Larry Wayne “The Hammer” Harley, friend, knifemaker, bladesmith and knifemaking teacher to anyone who showed an interest—especially kids and “wounded warriors”—passed away in his sleep Feb. 12. He was 66.
A lifelong resident of Bristol, Tennessee, Larry made knives under the business name of Lonesome Pine Knives. An American Bladesmith Society journeyman smith, he was the chair of the ABS Youth Program and was involved with the Wounded Warriors Project. He was best known outside the knife industry as one of the stars of the National Geographic television show Lords of War, on which he went simply by the nickname of “The Hammer,” specializing in identifying and judging the worth of assorted knives, swords and other edged weapons.
Though not a tall man, Larry was large with burly arms and a massive chest—which was no doubt needed to contain his huge heart. He conducted bladesmithing symposiums at his shop in Bristol, entertaining youths, veterans and anyone and everyone who wanted to make knives. He also taught at the Batson Bladesmithing Symposium, youth programs at the BLADE Show and Smoky Mountain Knife Works, and just about anyplace he could find that would allow him to teach the craft, and interact with the people involved, that he loved so much. “Larry always felt that the real payment for teaching a youngster of any age was the irrepressible smile that was always on their face when they realized they could do it,” wrote ABS journeyman smith Wes Byrd, who, along with Larry, taught kids how to make knives in the ABS Youth Program.
As BLADE Magazine Cutlery Hall-Of-Fame© member A.G. Russell noted, everyone in the business liked Larry. “If you knew Larry at all, you probably knew where he stood on all of the issues of the world that you and he had in common,” Byrd noted. “I also knew he had my back no matter what.” Added Larry’s friend Mike Crenshaw, “Larry was a remarkable bladesmith, friend and outrageous character that will be sorely missed. He passed the fire on to many, young and old.”
Larry learned to make knives from his father, the late B.L. “Pap” Harley. “It just so happened that my daddy made knives and that’s how come I’m a knifemaker,” Larry said in the February 2015 BLADE®. “I remember my daddy working on bowie knives on the kitchen table when I was 4 or 5 years old. He also read me books by Raymond Thorp, author of Bowie Knife and Crow Killer, for bedtime stories, and I remember we saw the Alan Ladd movie about Jim Bowie, The Iron Mistress.”

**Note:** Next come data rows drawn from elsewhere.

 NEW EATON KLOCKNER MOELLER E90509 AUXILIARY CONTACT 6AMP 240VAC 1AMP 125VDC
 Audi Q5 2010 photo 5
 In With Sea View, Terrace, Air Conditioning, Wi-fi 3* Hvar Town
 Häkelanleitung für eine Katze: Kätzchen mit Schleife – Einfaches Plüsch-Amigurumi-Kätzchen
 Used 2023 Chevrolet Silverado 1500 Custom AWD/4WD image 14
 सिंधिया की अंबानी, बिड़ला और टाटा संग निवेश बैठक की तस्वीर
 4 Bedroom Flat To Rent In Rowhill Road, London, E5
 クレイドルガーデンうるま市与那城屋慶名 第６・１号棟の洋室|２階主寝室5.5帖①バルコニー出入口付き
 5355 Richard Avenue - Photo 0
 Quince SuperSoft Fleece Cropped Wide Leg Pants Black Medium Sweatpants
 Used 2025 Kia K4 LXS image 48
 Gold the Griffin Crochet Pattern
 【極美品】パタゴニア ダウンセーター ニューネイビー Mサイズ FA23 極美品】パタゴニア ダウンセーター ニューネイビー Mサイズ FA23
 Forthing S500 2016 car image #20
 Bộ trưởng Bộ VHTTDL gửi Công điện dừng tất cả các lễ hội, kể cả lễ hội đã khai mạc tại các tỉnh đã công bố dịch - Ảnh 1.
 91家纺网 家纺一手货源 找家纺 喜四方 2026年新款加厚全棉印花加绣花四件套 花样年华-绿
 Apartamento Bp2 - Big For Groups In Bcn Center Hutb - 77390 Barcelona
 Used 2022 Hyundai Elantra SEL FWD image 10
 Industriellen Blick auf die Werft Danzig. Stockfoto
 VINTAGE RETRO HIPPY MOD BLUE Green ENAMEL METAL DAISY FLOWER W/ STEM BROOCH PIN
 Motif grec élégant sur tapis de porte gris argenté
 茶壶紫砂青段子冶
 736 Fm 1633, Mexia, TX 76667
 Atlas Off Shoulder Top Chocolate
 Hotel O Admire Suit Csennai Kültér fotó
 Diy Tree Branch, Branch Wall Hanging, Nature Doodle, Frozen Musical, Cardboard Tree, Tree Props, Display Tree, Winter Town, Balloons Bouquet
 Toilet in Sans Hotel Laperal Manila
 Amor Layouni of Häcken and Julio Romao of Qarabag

Larry’s friends were too many to count. In fact, if you met him he probably counted you as one of his friends and you counted him one of yours. His infectious laugh and twinkling eyes immediately broke the ice. A regular exhibitor at the BLADE Show in the early years, he was known then for his “hog-killing knives” and excursions on which he would take customers to hunt wild hogs in the Appalachian Mountains of East Tennessee and the surrounding area. He was also known as a top competitor in the early years of the ABS cutting competitions, winning at least one championship before the competitions became more organized and eventually evolved into today’s events conducted by BladeSports International, including the BLADE Show World Championship Cutting Competition, the 15th annual rendition of which will be held at this year’s BLADE Show June 2-4 in Atlanta.
Larry is survived by his loving wife of 35 years, Kristine; sons Richard and Nicholas; goddaughters Sarah and Julia Denton; aunts, uncles, cousins both in the Holbrook and Harley family; and many friends.
The family will receive friends from 5 p.m. to 7 p.m. tomorrow, Feb. 15, at Oakley-Cook Funeral Home in Bristol. The funeral service will follow at 7 p.m. with the Rev. Steve Playl officiating. The committal and inurnment service will be at 2 p.m. Feb. 16 at Glenwood Cemetery in Bristol.
In lieu of flowers, memorial contributions may be made to the Wounded Warrior Project, POB 758517, Topeka, KS 66675-8517 woundedwarriorproject.org.